The wave direction in the research area is approximately clockwise (marked by grey vectors in Fig. 8) throughout the year. With regard to seasonal variation, swells enter the bay from the northern deep ocean in summer, whilst swells from the south-east area propagate into the bay in winter. The wave direction (Fig. 8) near the eastern boundary is southeasterly (in the north) in summer but north-easterly in winter. Correspondingly, along the coastline, the wave direction is south-easterly in summer but southeasterly by easterly in winter. The wave directions in autumn and spring appear to assume a transitional status between winter and summer. The Hp value in autumn is the largest (Fig. 8b) among the four seasons.

Figure 9 shows that the Hp is quite related to the wave direction in JB. The main direction is southeasterly from the bay entrance to the north-west top of the bay, except that the wave direction is southeasterly by easterly in winter. This main direction path separates the wave distribution into two parts— the south-west part and the north-east part. The wave direction is anticlockwise in the south-west part and clockwise in the north-east part. The Hp is high along the main direction line, but low for the other two parts. The Hp in the south-west part with an anticlockwise direction is the smallest of the whole bay (4 to 7 s). The largest Hp appears along the northwest coast of JB, with maxima of 10 s in autumn.

Fig.9 Wave direction overlying wave period Tp in JB Data are given in seconds. a. summer; b. autumn; c. winter; d. spring. Direction of wave vector in dashed line of (c) is the same as that of the vector in (a), which means that an angle exists between the wave directions. The circle marks the coastal area with large Hp; e–f. wave/wind roses at Site A denoted in (a) and (c); e. wave rose in January; f. wind rose in January; g. wave rose in July; h. wind rose in July. The directions in (e)–(h) represent the waves or winds go to.

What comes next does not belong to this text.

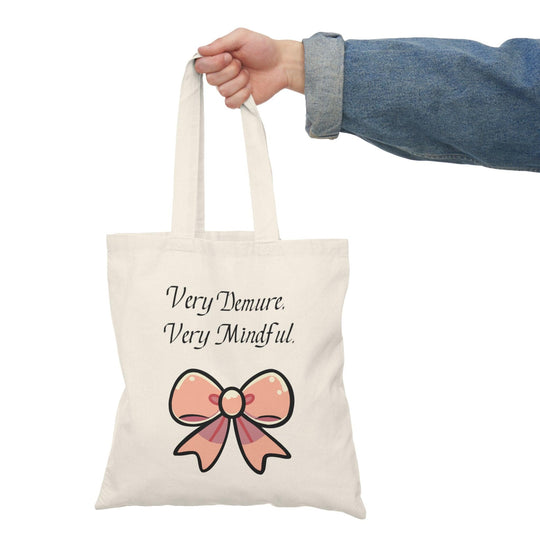 A cream tote bag adorned with a stylish design featuring the phrase 'Very Demure. Very Mindful.' paired with a decorative bow graphic. This elegant design resonates with those who appreciate a sense of calm and mindfulness in their lives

We chose Site A (150.810 0°E, 35.1300 0°S) near the bay entrance to analyse the wave direction. The rise in waves in summer (Fig. 9e) shows that the main wave direction is south-easterly, whilst it is easterly in winter (Fig. 9g). The rise in wind in summer (Fig. 9f) shows that the two dominant wind directions are north-easterly and south-easterly, whilst it is southwesterly in winter (Fig. 9h). The differences in the wind and wave directions illustrate that more swells are present in JB than sea waves, especially in winter.

To sum up the seasonal variation, both Hs and Hp in JB reach their minimum value in winter, whilst the maximum Hs appears in summer and the largest Hp occurs in autumn. The swell enters JB from the northeastern ocean in summer, whilst the swell from southeast area propagates into JB in winter. The minimum Hp (and Hs; see Fig. 8) in winter is related to the wave direction. The south-west region with an anticlockwise direction is smaller in area, and the period reaches its lowest value of 4 s in winter. Correspondingly, the north-east region with a clockwise wave direction is smaller in area in summer. (An explanation can be seen in Section 4.2).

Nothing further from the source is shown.